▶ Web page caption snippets
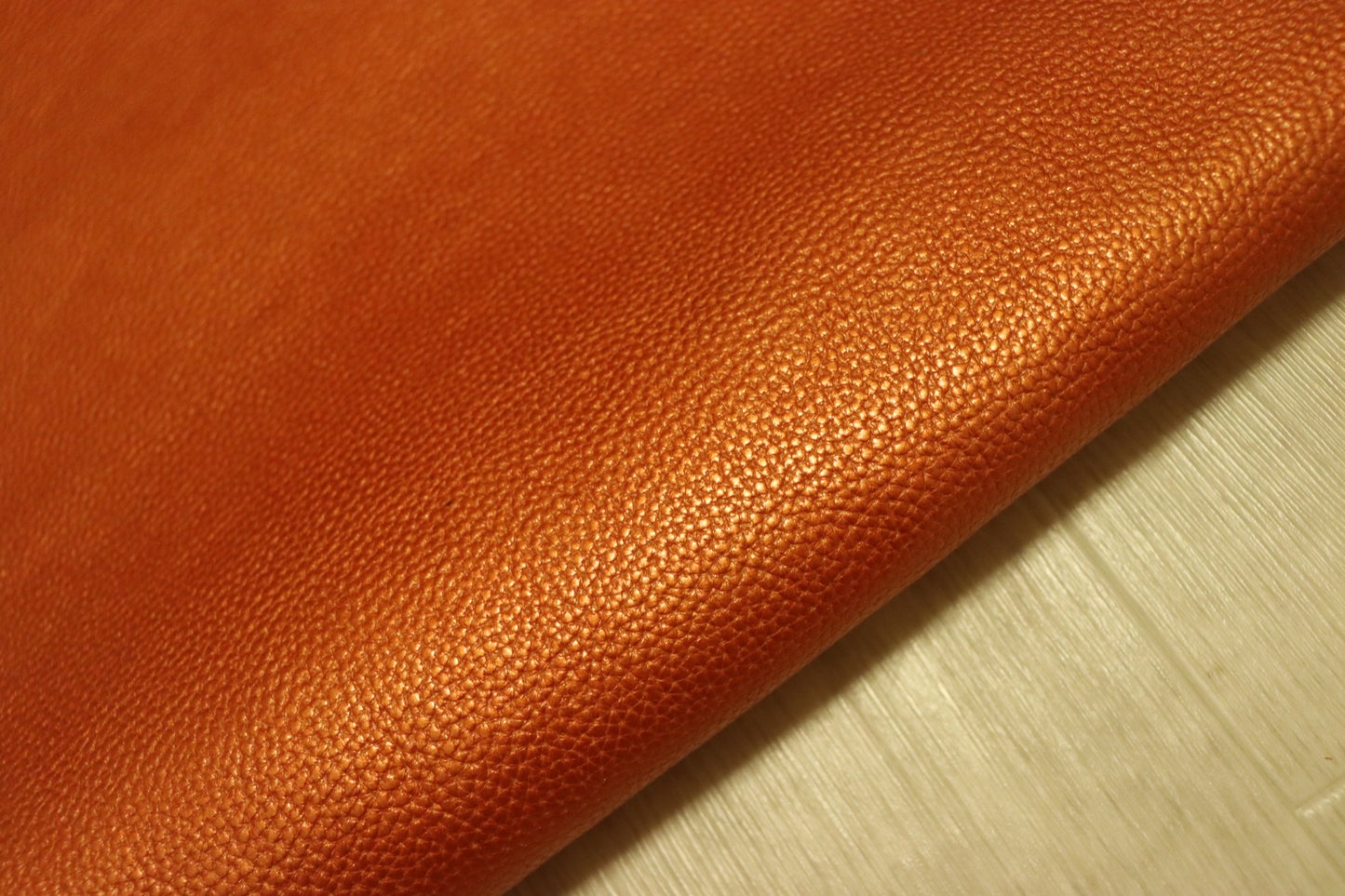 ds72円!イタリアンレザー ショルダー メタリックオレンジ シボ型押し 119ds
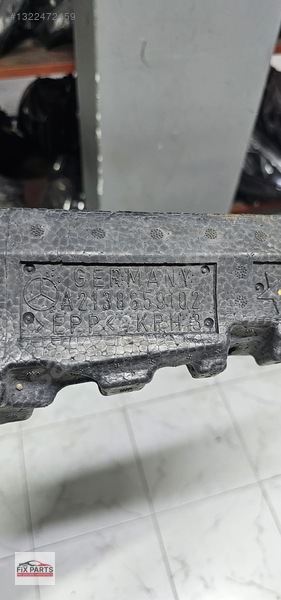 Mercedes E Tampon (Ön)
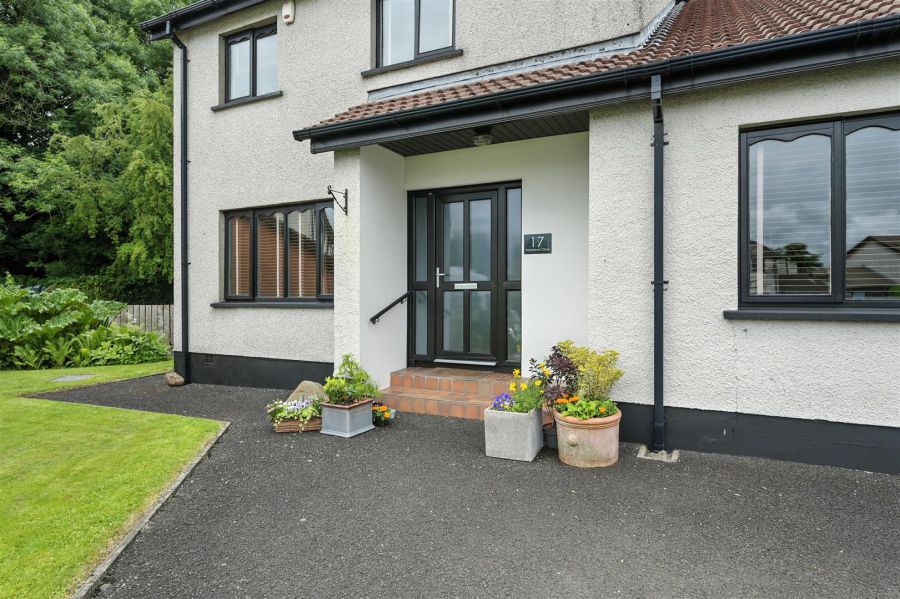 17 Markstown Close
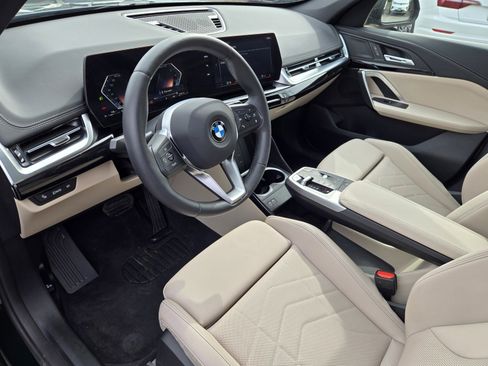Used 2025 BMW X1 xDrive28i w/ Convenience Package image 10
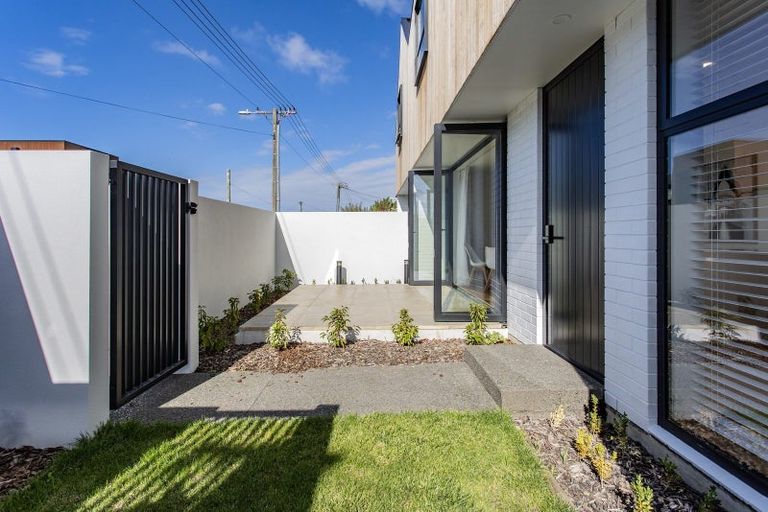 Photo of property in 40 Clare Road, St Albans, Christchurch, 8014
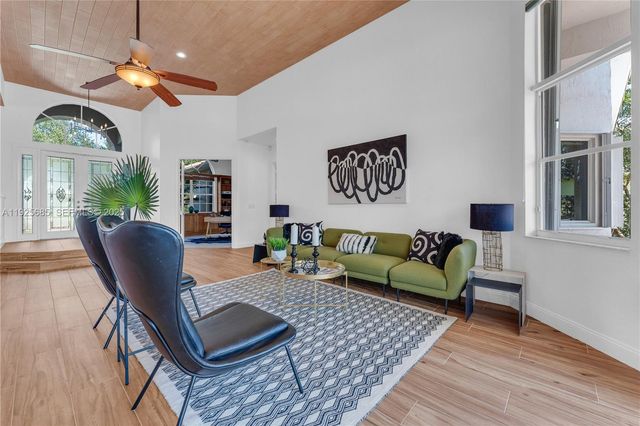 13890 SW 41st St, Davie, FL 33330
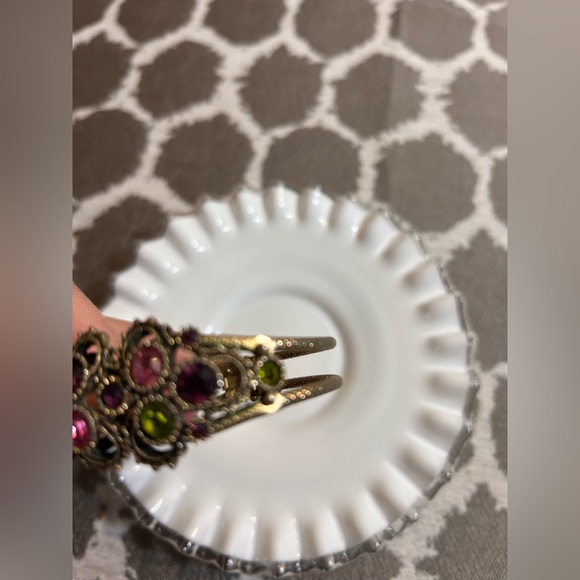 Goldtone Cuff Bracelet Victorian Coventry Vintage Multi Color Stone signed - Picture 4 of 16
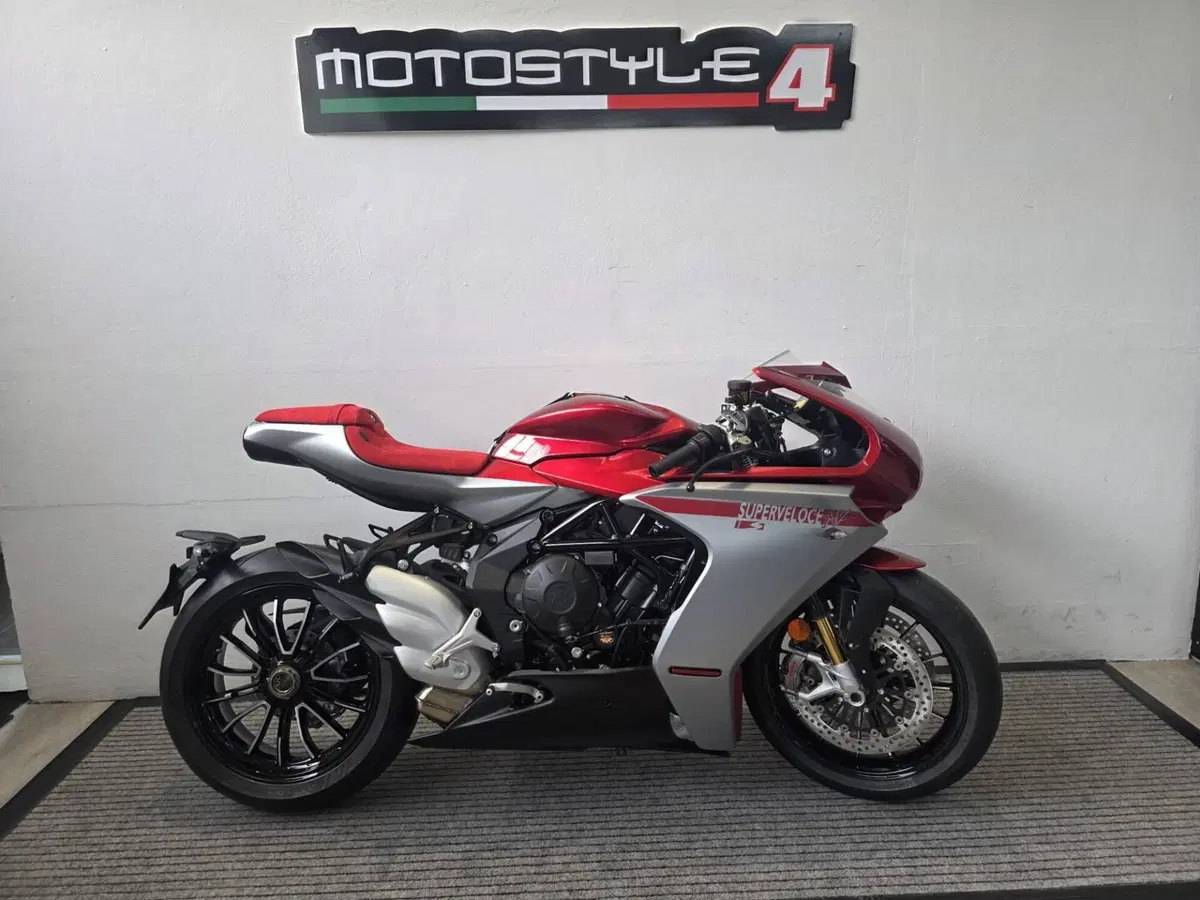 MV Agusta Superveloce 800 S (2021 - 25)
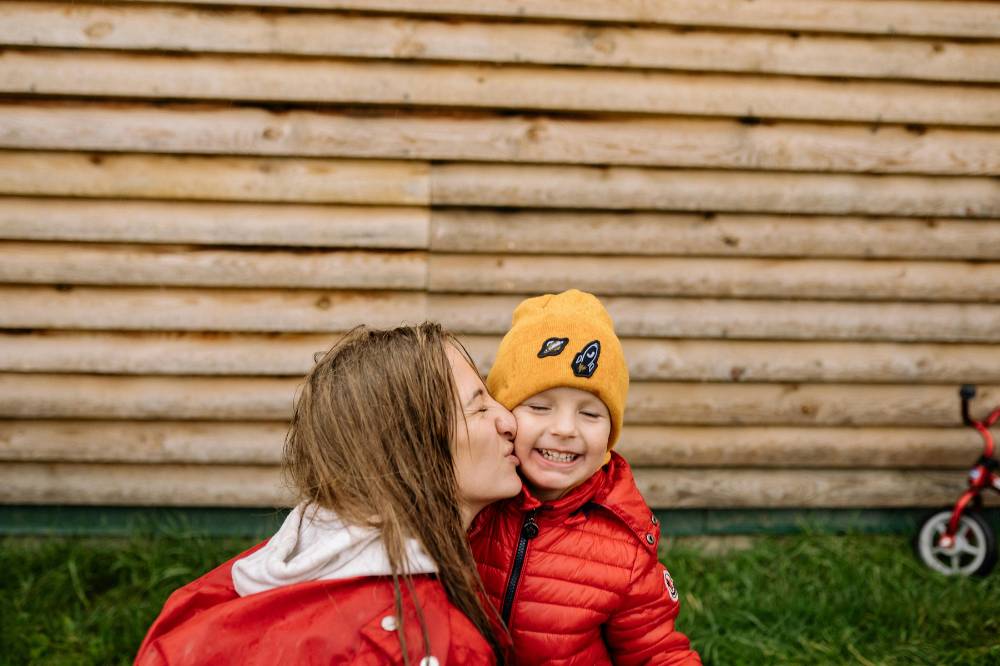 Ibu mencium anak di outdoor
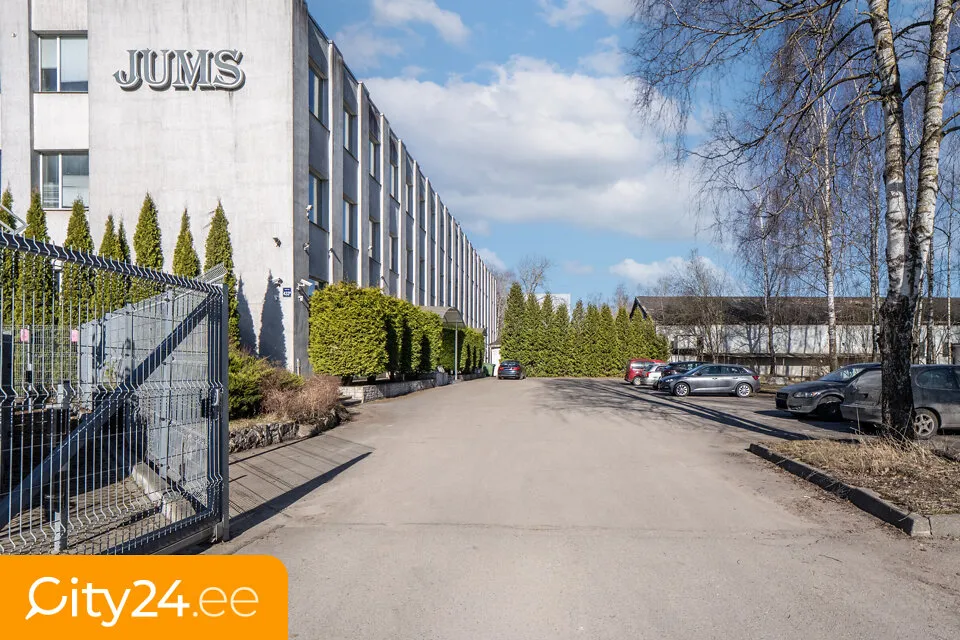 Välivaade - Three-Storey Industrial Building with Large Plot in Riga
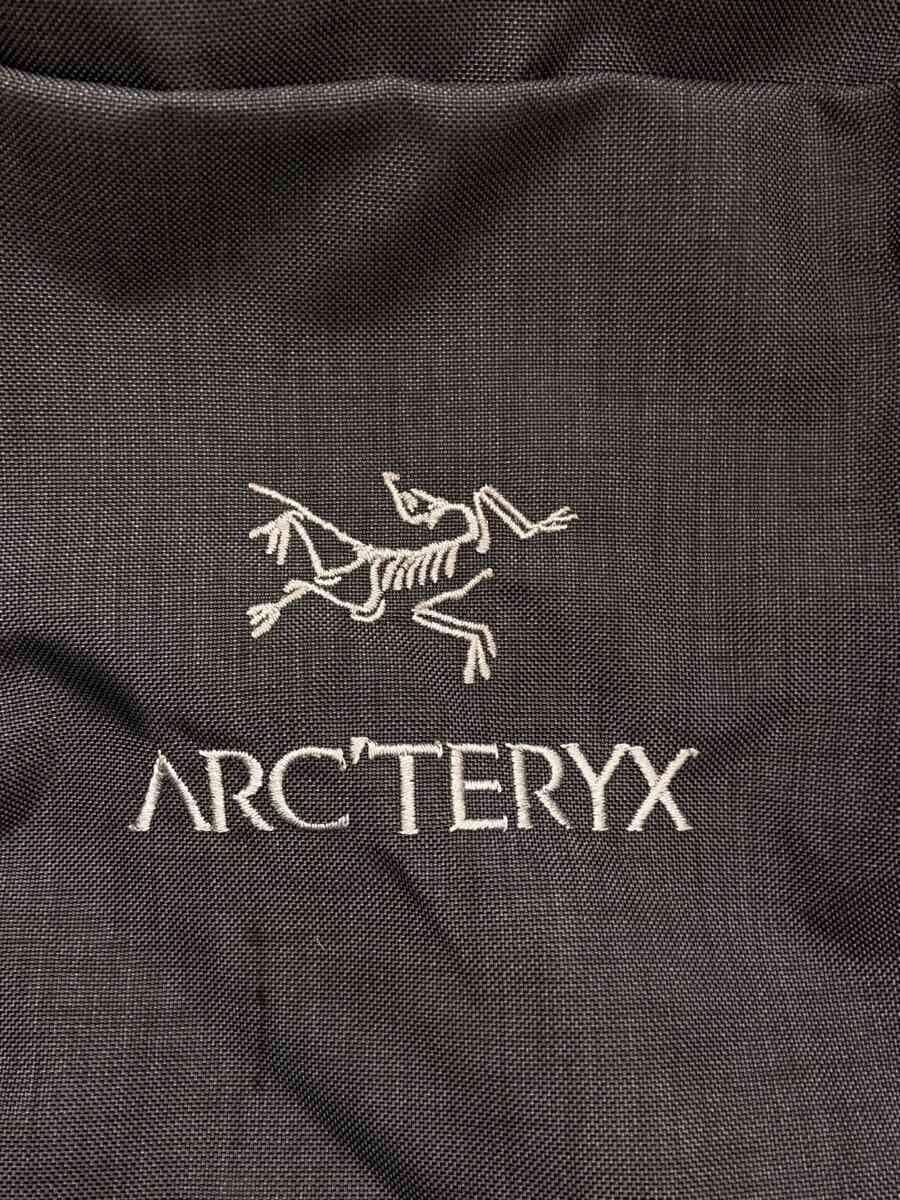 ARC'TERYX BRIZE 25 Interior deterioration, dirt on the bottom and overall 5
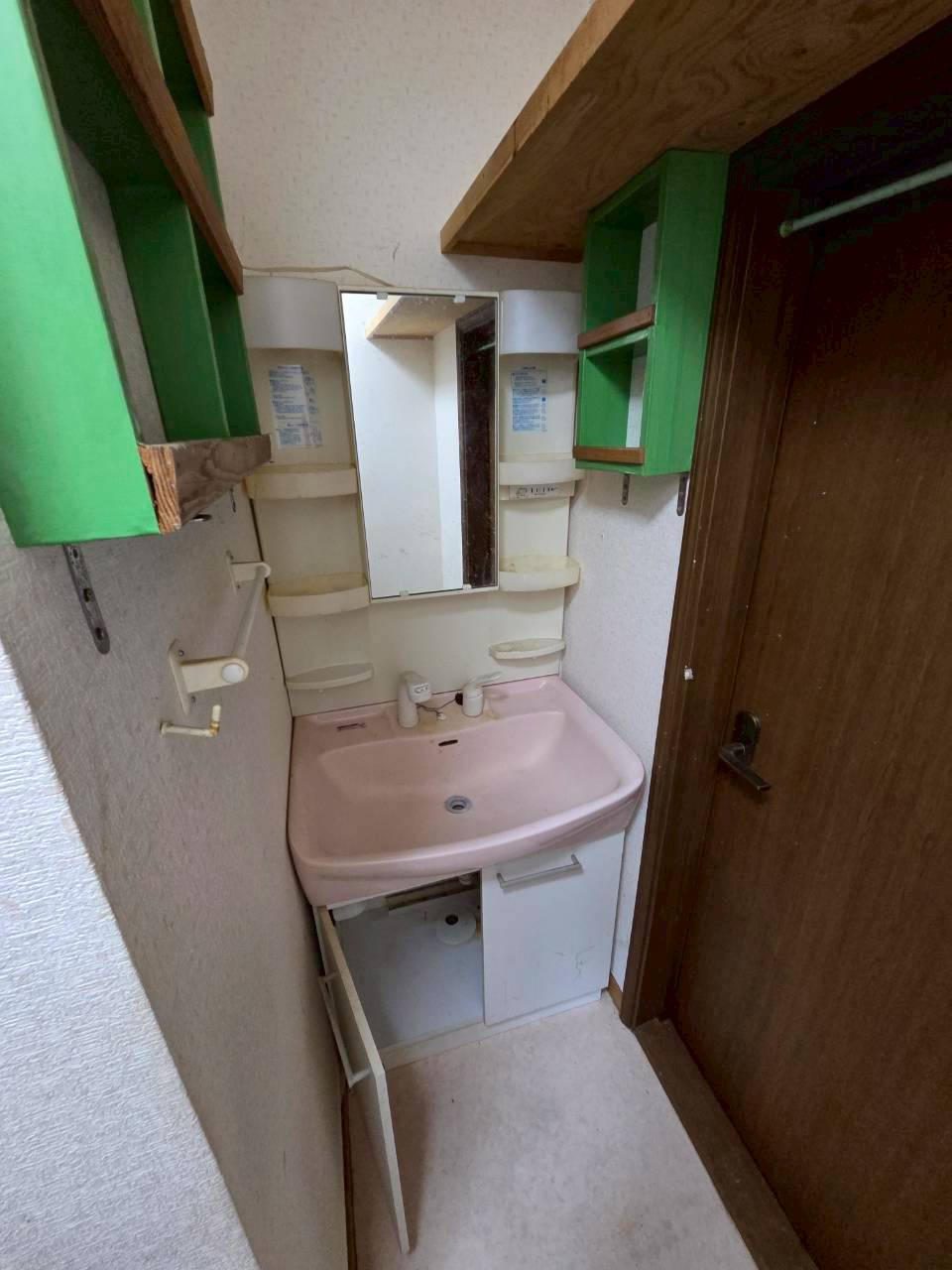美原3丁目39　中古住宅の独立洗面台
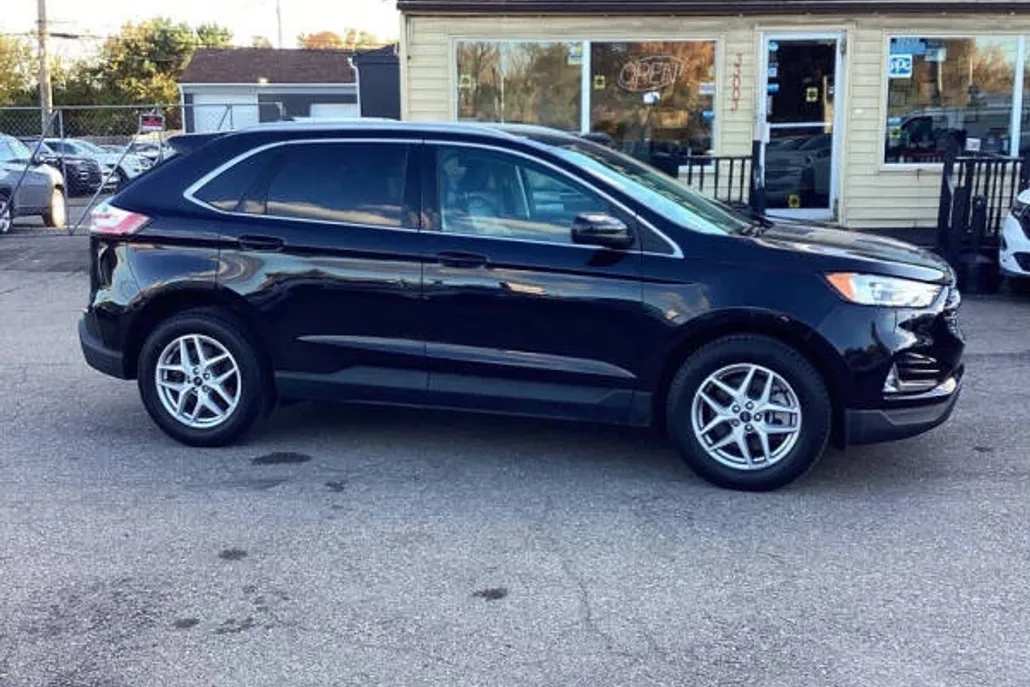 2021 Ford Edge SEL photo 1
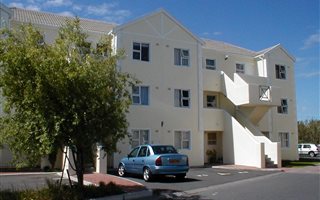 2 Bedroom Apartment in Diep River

▶ Your assignment
Excluding the pictures, restate word for word the lines from the one that holds "13890 SW 41st St, Davie, FL 33330" through the last line of the entries, both ends included.

▶ Response to this exercise
 13890 SW 41st St, Davie, FL 33330
 Goldtone Cuff Bracelet Victorian Coventry Vintage Multi Color Stone signed - Picture 4 of 16
 MV Agusta Superveloce 800 S (2021 - 25)
 Ibu mencium anak di outdoor
 Välivaade - Three-Storey Industrial Building with Large Plot in Riga
 ARC'TERYX BRIZE 25 Interior deterioration, dirt on the bottom and overall 5
美原3丁目39　中古住宅の独立洗面台
 2021 Ford Edge SEL photo 1
 2 Bedroom Apartment in Diep River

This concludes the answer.